Task description: Extract the lines from the first one in the records below through the line containing "AK Langenthal, Kirche mit Strassenpartie", keeping both ends and leaving out any pictures.

Dataset records:
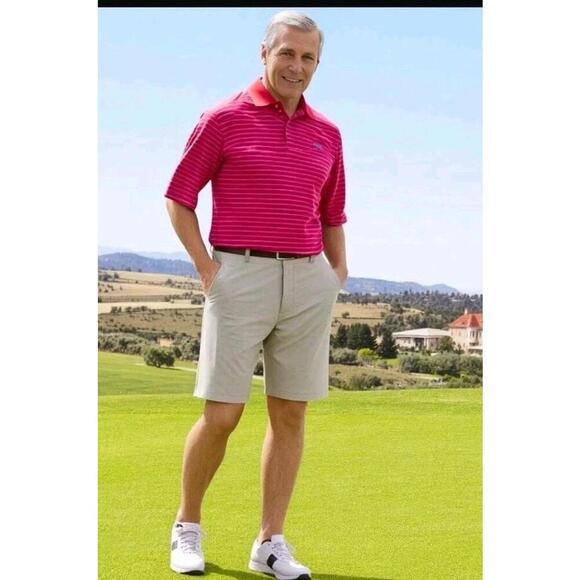 Fairway & Greene Golf POLO Shirt Men's Size XL F & G Hot Pink Stretch - Picture 1 of 7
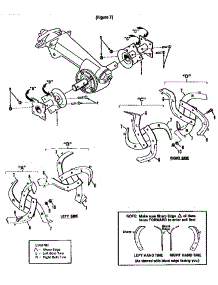 Bolo Tine Assemblies parts for Troy-Bilt Rear-Tine Tiller 29919 from AppliancePartsPros.com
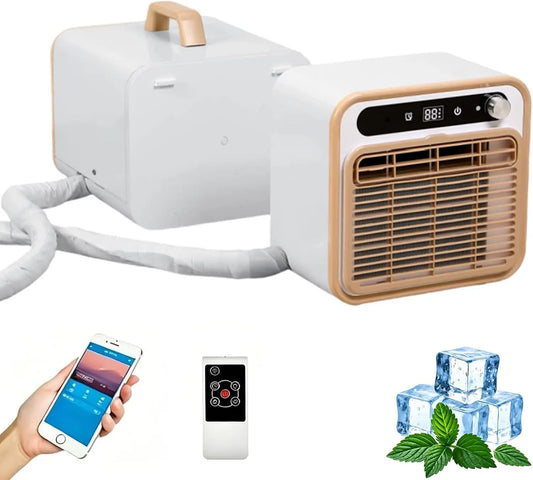 Airconditioner, wifi-bediening, touchbediening, stille werking, Draagbare Split, Ultra-Stille Slimme Koeling met Aanraakpaneel, voor Camping
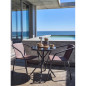 Black Balcony Table Ø60 Black Balcony Table Ø60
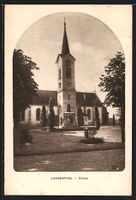 AK Langenthal, Kirche mit Strassenpartie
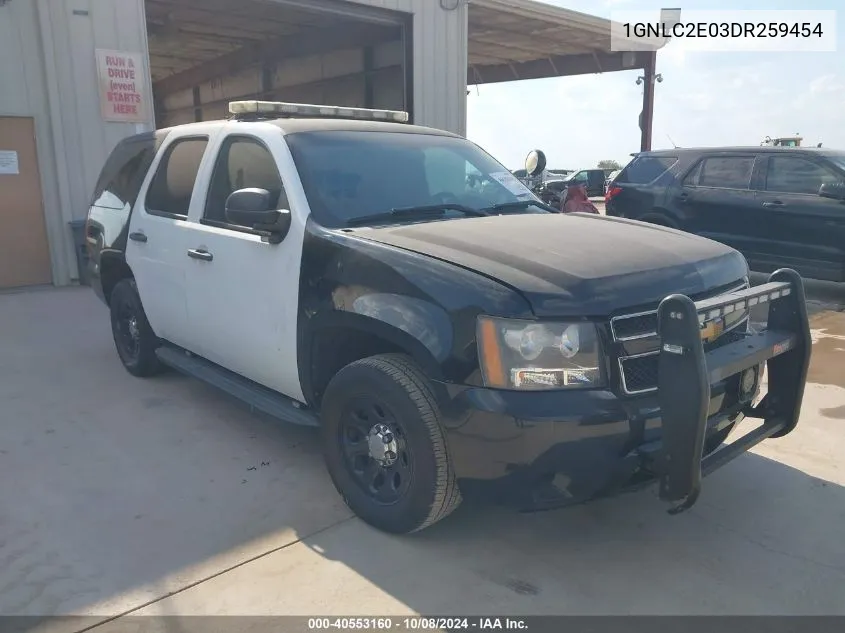 2013 Chevrolet Tahoe Commercial Fleet VIN: 1GNLC2E03DR259454 Lot: 40553160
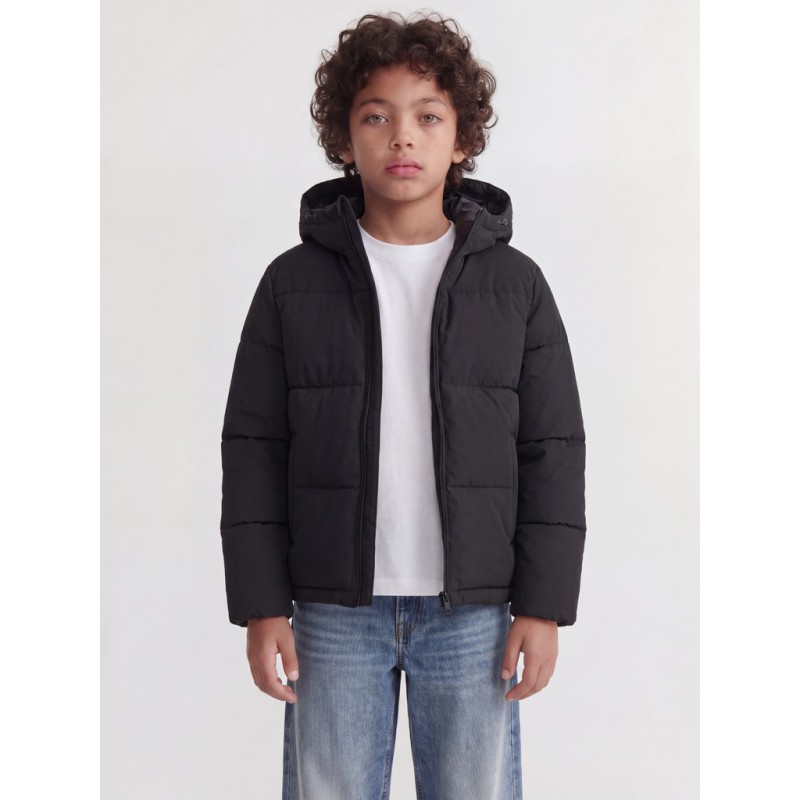 JACK & JONES JUNIOR Galaxy puffer jakke - Sort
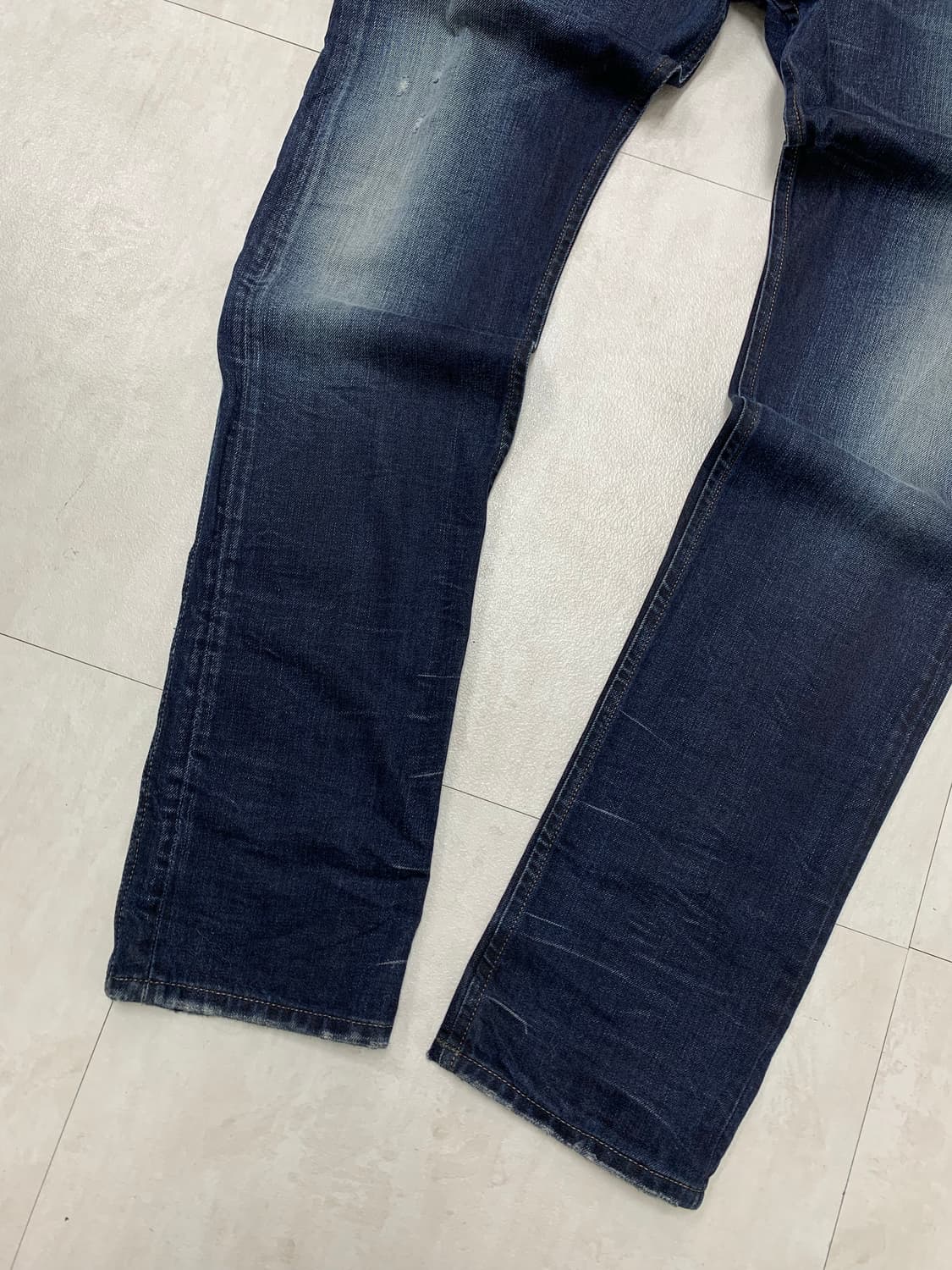 디젤 진청 스트레이트 데님 팬츠#101 상품이미지3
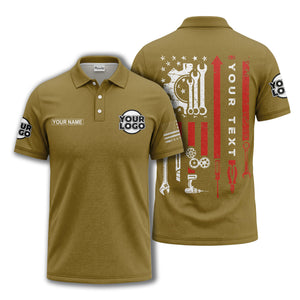 american flag stars & stripes patriotic custom logo polo shirt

Written response:
 Fairway & Greene Golf POLO Shirt Men's Size XL F & G Hot Pink Stretch - Picture 1 of 7
 Bolo Tine Assemblies parts for Troy-Bilt Rear-Tine Tiller 29919 from AppliancePartsPros.com
 Airconditioner, wifi-bediening, touchbediening, stille werking, Draagbare Split, Ultra-Stille Slimme Koeling met Aanraakpaneel, voor Camping
 Black Balcony Table Ø60 Black Balcony Table Ø60
 AK Langenthal, Kirche mit Strassenpartie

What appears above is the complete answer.